Friday, October 12, 2018

INVASION ON CHESTNUT RIDGE (2017)

THE CARD:

Flying saucers, lumbering bucolic beasts, bug-eyed space people, screeching pterodactyls, glowing floating ovaries, and more hillbilly delusion than a GOP election campaign.  

More details here.

WARNING: SPOILERS BELOW




THE ANGLE: 

Some weird ass shit is going on in Chestnut Ridge, a hotbed of paranormal and strange creature sightings in southwestern Pennsylvania.  If you’ve heard of the Kecksburg UFO Incident, the notorious 1965 encounter involving a crashing fireball, alien visitation, and government cover-up which eclipses the peculiarity of Roswell, then you only know part of the odd goings-on here.  

I want to believe this isn't a dog dish.
This particular region has been also plagued with reports of Bigfoot, werewolves, giant birds (aka thunderbirds), and various other-worldly beings and creatures for decades.  

This bodacious Bigfoot appears so, um, friendly. 
Interviewed here are trustworthy historians and investigators such as cryptid expert Eric Altman, a well-known researcher who I know from his excellent contributions to the long-running Darkness Radio podcast as well as his own paranormal and cryptid news website.  Also presented are local  eyewitnesses to the weirdness including this guy:

"Don't believe me?  Yeah, well, you know, that's just like, uh, your opinion, man."
The documentary outlines the events of the Kecksburg and the odd sightings of creatures that were widely reported across the area.  Among these weird appearance were otherworldly ape-men with glowing eyes.

"Take me to your Charlton Heston, Earth man!"
Floating, glowing, sexually suggestive objects traversing through the forest.

David Bowman incubation in progress.
Rodan-esque thunderbirds soaring across the sky.

"Bawk!  Which way to Pittsburgh?
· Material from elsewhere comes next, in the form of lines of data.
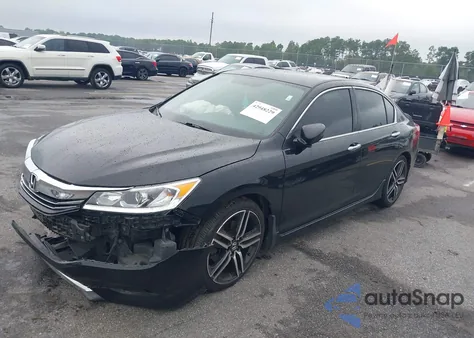 2016 Honda Accord Sport z USA, uszkodzony, nr VIN 1HGCR2F59GA066862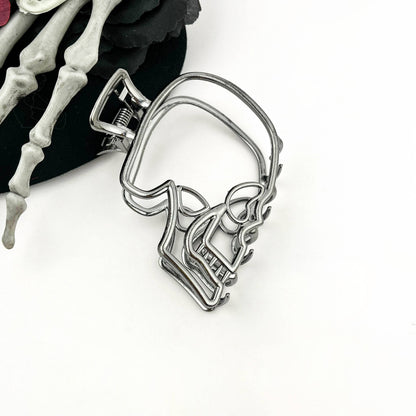 Skull Hair Claw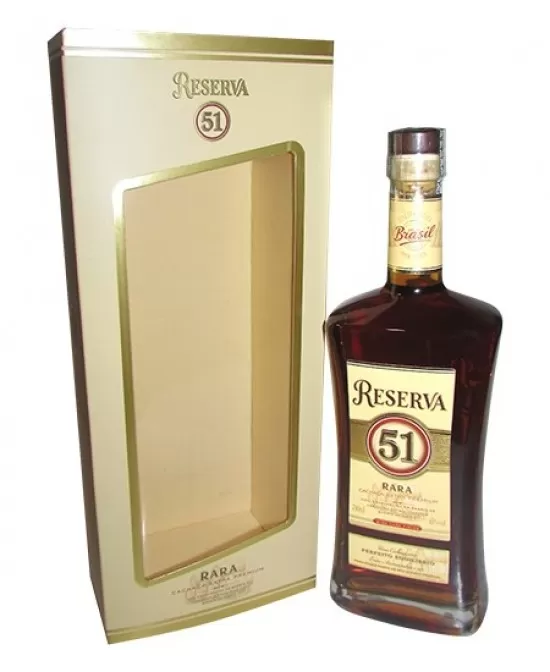 Cachaça 51 Reserva Rara 700ML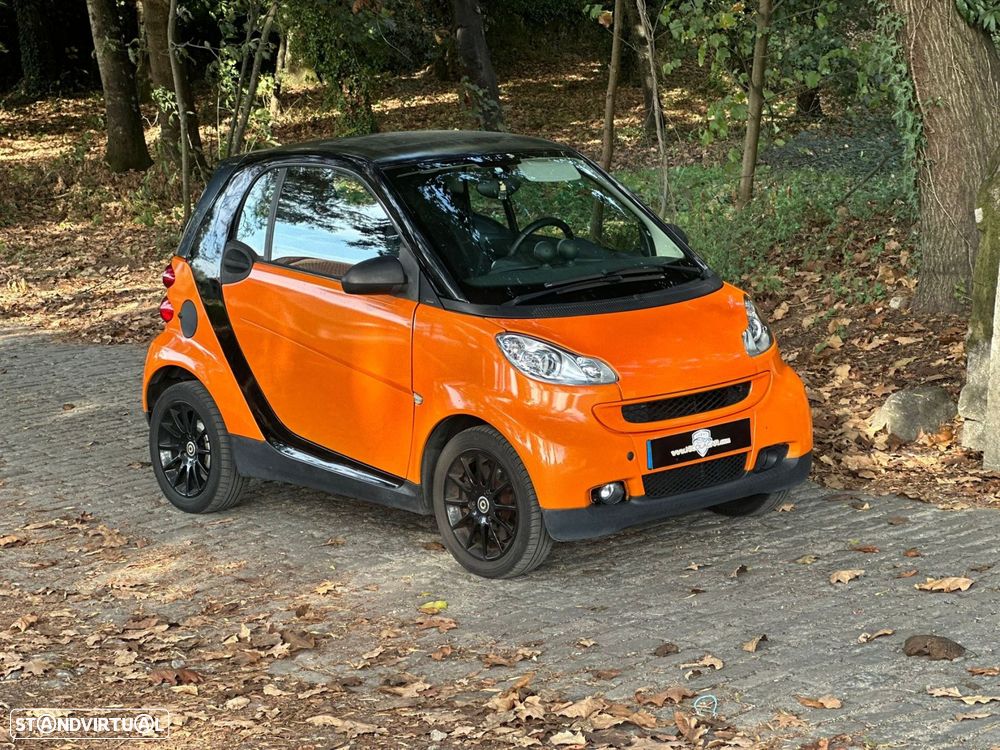 Smart ForTwo Coupé 1.0 Perfect 71 Aut. - 1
BAWWWK!"
Many theories are presented on just why Chestnut Ridge is such a magnet for bizarre phenomena, but few shed any light on the matter and it's just as well because maybe there's things in this world that are better left unsolved and left to the imagination.


THE FINISHER:

I grew up in the Southeastern corner of Arizona and as a kid, I was convinced that my homestead of Cochise County comprised a paranormal geographic rectangle where UFOs, ghosts, demons, nocturnal creatures, and other elusive mysteries found a place to frolic and terrorize.  I had heard all the stories: roadside phantoms thumbing a ride along Interstate 10 on the dusty plains of Willcox in the north; something fanged, hungry, and unnatural roaming the sagebrush desolateness of Benson in the east; strange lights in the skies above the wooded hills along the New Mexico state line to the west; and the sorrowful spirit of a murderous mother forever searching for her lost children along the Mexican border to the south.  Those stories were told to me by a variety of folks from school teachers to spooky aunts to staggering Coors Light-chugging neighbors.  And I ate these scary tales up, man.  I swear most of my childhood was like Stranger Things only with chanklas.  But very much like Stranger Things, it all turned out to be mostly fiction.  Yet today I am still drawn to these stories which now manifest themselves on paranormal reality TV shows and documentaries like Invasion on Chestnut Ridge

Whatever the hell is going on in this part of Pennsylvania appears to be anything but fiction.  Director Seth Breedlove is a prolific documentary filmmaker of paranormal/cryptid subjects.  His Smalltown Monsters production company has released titles on the Mothman, Boggy Creek Monster, and other various mythical critters.  Although the subject matter is fascinating and the eyewitness and expert testimony believable and credible, the overall presentation of the film is rather bland.  The narration is dryly delivered and visual evidence is sparse and questionable.  But the story of what happened in Kecksburg that winter evening in 1965 and the creepy things such as the red-eyed werewolf creatures and the giant birds that may have been side effects of this eerie encounter with something otherworldly, will keep interested viewers riveted.  And maybe that’s enough.  I can’t recommend the film for your Halloween marathon as its slow pace may drag down your spooky night groove.  But those of you who also grew up in a creepy burg or haunted desert wasteland should definitely check this one out.